- Utility player
- Born: September 23, 1923 Yorkville, Illinois, U.S.
- Died: December 2, 2006 (aged 83) Albuquerque, New Mexico, U.S.
- Batted: RightThrew: Right

Teams
- Peoria Redwings (1949);

Career highlights and awards
- Women in Baseball – AAGPBL Permanent Display at Baseball Hall of Fame and Museum (since 1988);

= Corinne Clark =

American baseball player (1923–2006)

Marcia Corinne "Corky" Clark (September 23, 1923 – December 2, 2006) was an infield/outfield utility and right-handed hitter who played in the All-American Girls Professional Baseball League (AAGPBL). She was dubbed Corky.

Clark was born in Yorkville, Illinois and graduated from Yorkville High School in 1941. She served in the Navy WAVES during World War II where she became a Machinist's Mate 2nd Class. she then joined the league with the Peoria Redwings in its 1949 season. Subsequently, she played softball in a Chicago league.
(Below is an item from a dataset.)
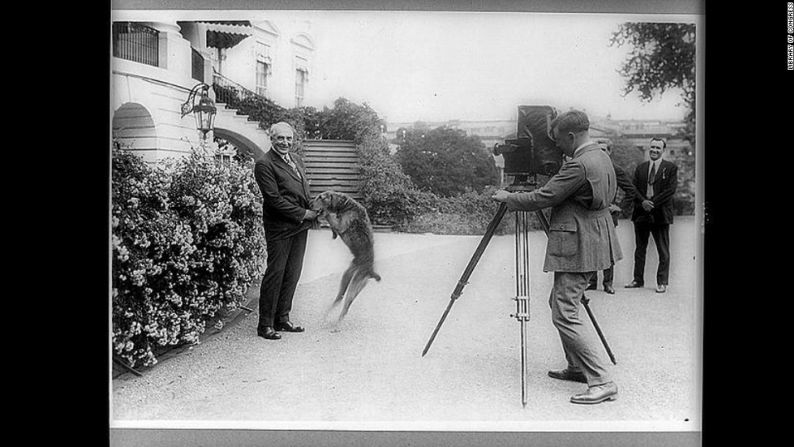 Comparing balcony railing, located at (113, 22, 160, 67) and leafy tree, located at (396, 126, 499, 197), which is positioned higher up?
balcony railing, located at (113, 22, 160, 67)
Afterwards, Clark earned three degrees and held leadership roles in physical education associations for more than two decades. She earned her Master of Science degree from Columbia University, following her Bachelor of Physical Education degree from Indiana University and a Bachelor of Physical Education degree from Indiana University.
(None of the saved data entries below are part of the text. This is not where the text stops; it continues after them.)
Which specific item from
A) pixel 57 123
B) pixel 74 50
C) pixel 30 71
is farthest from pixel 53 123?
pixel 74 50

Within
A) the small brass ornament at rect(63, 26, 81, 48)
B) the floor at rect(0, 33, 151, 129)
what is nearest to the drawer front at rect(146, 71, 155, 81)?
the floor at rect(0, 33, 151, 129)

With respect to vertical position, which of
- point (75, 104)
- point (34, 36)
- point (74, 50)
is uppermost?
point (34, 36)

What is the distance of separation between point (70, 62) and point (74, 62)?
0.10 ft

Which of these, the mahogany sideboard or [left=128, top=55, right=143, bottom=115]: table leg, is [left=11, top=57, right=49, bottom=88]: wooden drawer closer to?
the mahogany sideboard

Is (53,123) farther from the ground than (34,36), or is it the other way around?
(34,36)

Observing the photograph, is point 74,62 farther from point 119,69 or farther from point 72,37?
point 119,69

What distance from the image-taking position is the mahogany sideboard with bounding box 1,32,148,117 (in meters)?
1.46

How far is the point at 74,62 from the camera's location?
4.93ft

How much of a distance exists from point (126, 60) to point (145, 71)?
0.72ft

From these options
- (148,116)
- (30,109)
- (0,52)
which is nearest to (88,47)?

Clark was chairman of the Health, Physical Education, and Recreation Department at the University of Wisconsin–Whitewater, then served as an Associate Dean of the College of Education until her retirement after 20 years of service. After retiring, she moved to Albuquerque, New Mexico.
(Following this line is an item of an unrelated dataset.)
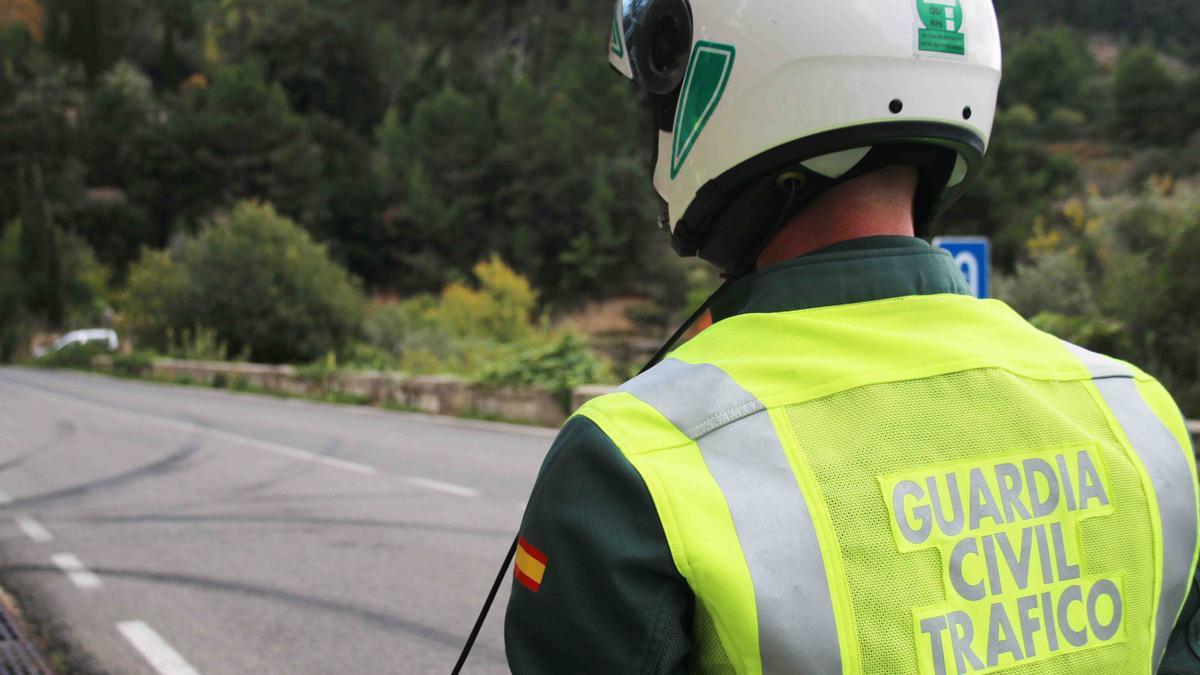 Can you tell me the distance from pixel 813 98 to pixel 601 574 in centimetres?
64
An avid golfer since an early age, Clark was actively involved in women's amateur golf in New Mexico since 1988. As a result, the Corky Clark Junior Golf Foundation was established in 1998 in recognition of Corinne 'Corky' Clark. Since then, the Albuquerque Women's Golf Championship each year recognizes her praiseworthy contribution with the Corky Clark Cup presentation to the tournament champion.

The American Girls Professional Baseball League folded in 1954, but there is now a permanent display at the Baseball Hall of Fame and Museum at Cooperstown, New York since November 5, 1988 that honors those who were part of this unique experience. Clark, along with the rest of the league's girls, is included at the display/exhibit.

In addition, Clark gained induction into the UW–Whitewater Athletic Hall of Fame in 1991. Then in 2003, the university dedicated a permanent display case honoring her year in the All-American Girls Professional Baseball League.

Clark died in 2006 in Albuquerque, New Mexico, at the age of 83.